Records from a dataset:
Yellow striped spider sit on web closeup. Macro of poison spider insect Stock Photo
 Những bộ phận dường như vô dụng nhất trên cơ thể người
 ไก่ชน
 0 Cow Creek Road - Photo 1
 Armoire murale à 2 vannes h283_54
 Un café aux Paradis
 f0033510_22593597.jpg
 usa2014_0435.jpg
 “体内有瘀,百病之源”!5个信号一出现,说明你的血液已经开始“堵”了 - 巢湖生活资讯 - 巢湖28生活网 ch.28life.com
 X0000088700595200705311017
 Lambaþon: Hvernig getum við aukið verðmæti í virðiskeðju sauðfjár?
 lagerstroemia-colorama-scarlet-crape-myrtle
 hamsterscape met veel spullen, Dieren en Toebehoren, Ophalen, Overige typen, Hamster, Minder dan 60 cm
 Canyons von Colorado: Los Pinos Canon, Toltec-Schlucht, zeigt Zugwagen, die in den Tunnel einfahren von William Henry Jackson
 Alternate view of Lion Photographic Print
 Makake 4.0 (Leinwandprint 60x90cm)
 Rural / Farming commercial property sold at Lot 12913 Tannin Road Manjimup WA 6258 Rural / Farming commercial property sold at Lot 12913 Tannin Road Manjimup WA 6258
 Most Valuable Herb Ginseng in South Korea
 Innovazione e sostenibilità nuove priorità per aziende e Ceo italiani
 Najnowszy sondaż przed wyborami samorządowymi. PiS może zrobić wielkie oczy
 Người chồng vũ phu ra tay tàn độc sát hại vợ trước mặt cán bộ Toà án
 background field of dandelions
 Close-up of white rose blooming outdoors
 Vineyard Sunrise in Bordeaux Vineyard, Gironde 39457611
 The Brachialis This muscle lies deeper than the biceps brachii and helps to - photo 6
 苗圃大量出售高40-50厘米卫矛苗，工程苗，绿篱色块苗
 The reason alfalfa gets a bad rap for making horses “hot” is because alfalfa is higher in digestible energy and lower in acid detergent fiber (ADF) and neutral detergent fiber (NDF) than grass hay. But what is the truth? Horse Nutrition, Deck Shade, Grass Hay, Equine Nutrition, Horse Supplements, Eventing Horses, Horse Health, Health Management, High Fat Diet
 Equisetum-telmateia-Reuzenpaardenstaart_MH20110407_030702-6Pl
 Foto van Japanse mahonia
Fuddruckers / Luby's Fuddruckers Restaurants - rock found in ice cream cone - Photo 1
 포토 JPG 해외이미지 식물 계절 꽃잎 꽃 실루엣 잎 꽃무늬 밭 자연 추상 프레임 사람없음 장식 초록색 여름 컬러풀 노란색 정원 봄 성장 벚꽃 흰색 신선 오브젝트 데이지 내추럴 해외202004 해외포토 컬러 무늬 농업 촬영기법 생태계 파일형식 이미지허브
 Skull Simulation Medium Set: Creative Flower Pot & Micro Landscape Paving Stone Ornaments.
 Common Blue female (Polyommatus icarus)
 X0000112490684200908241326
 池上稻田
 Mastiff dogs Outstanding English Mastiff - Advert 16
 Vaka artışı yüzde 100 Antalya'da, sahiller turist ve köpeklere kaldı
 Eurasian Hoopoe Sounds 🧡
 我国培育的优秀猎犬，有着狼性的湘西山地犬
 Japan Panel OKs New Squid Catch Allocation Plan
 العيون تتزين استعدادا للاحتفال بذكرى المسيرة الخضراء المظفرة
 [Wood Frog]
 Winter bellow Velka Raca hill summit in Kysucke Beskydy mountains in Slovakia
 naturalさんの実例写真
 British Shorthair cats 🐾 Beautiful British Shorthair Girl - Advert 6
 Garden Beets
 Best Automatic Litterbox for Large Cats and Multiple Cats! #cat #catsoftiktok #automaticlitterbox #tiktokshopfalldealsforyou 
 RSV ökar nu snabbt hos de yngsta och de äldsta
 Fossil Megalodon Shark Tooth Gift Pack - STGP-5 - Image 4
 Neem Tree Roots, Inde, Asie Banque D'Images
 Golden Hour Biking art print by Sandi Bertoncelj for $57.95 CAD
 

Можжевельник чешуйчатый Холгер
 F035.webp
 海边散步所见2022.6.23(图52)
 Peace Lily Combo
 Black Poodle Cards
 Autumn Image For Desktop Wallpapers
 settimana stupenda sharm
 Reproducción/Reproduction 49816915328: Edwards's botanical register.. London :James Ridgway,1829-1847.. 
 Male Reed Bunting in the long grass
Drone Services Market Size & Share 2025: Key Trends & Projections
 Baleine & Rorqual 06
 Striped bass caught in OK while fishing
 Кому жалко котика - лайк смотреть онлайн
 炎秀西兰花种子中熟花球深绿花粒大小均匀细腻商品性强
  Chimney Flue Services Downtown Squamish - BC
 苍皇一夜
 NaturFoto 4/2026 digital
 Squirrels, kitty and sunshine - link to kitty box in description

PROBLEM DESCRIPTION:
When you reach the line with "Canyons von Colorado: Los" in the records above, start writing out lines exactly, and stop once the line with "Foto van Japanse mahonia" has been written; include nothing else.

RESULT FOR THIS TASK:
 Canyons von Colorado: Los Pinos Canon, Toltec-Schlucht, zeigt Zugwagen, die in den Tunnel einfahren von William Henry Jackson
 Alternate view of Lion Photographic Print
 Makake 4.0 (Leinwandprint 60x90cm)
 Rural / Farming commercial property sold at Lot 12913 Tannin Road Manjimup WA 6258 Rural / Farming commercial property sold at Lot 12913 Tannin Road Manjimup WA 6258
 Most Valuable Herb Ginseng in South Korea
 Innovazione e sostenibilità nuove priorità per aziende e Ceo italiani
 Najnowszy sondaż przed wyborami samorządowymi. PiS może zrobić wielkie oczy
 Người chồng vũ phu ra tay tàn độc sát hại vợ trước mặt cán bộ Toà án
 background field of dandelions
 Close-up of white rose blooming outdoors
 Vineyard Sunrise in Bordeaux Vineyard, Gironde 39457611
 The Brachialis This muscle lies deeper than the biceps brachii and helps to - photo 6
 苗圃大量出售高40-50厘米卫矛苗，工程苗，绿篱色块苗
 The reason alfalfa gets a bad rap for making horses “hot” is because alfalfa is higher in digestible energy and lower in acid detergent fiber (ADF) and neutral detergent fiber (NDF) than grass hay. But what is the truth? Horse Nutrition, Deck Shade, Grass Hay, Equine Nutrition, Horse Supplements, Eventing Horses, Horse Health, Health Management, High Fat Diet
 Equisetum-telmateia-Reuzenpaardenstaart_MH20110407_030702-6Pl
 Foto van Japanse mahonia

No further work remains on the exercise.